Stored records
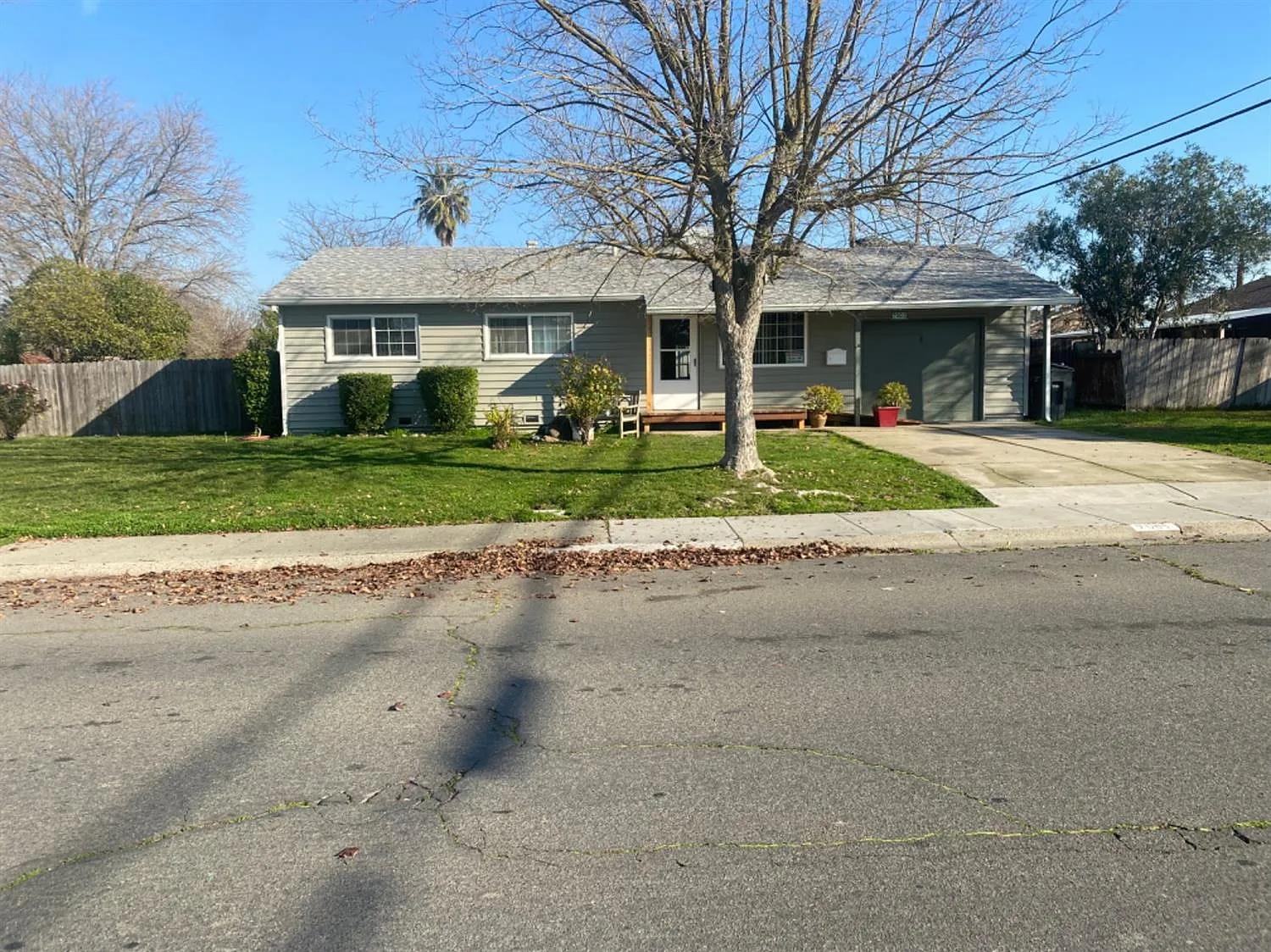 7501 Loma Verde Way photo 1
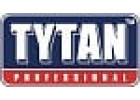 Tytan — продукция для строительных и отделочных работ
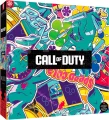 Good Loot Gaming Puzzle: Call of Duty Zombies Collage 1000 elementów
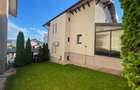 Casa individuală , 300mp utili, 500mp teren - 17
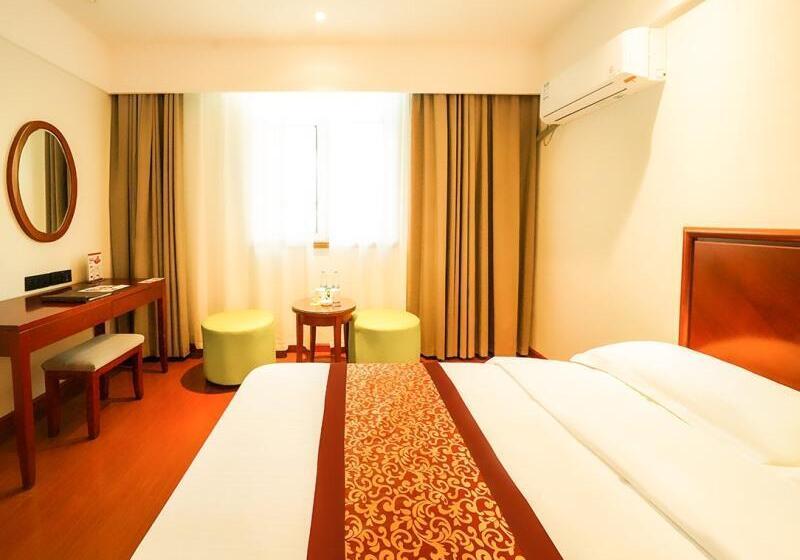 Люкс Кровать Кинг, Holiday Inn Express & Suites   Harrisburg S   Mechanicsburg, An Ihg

• [Work order]:
Please give the data above again in exact form and omit every picture.

• [Output below]:
 7501 Loma Verde Way photo 1
 Tytan — продукция для строительных и отделочных работ
 Good Loot Gaming Puzzle: Call of Duty Zombies Collage 1000 elementów
 Casa individuală , 300mp utili, 500mp teren - 17
 Люкс Кровать Кинг, Holiday Inn Express & Suites   Harrisburg S   Mechanicsburg, An Ihg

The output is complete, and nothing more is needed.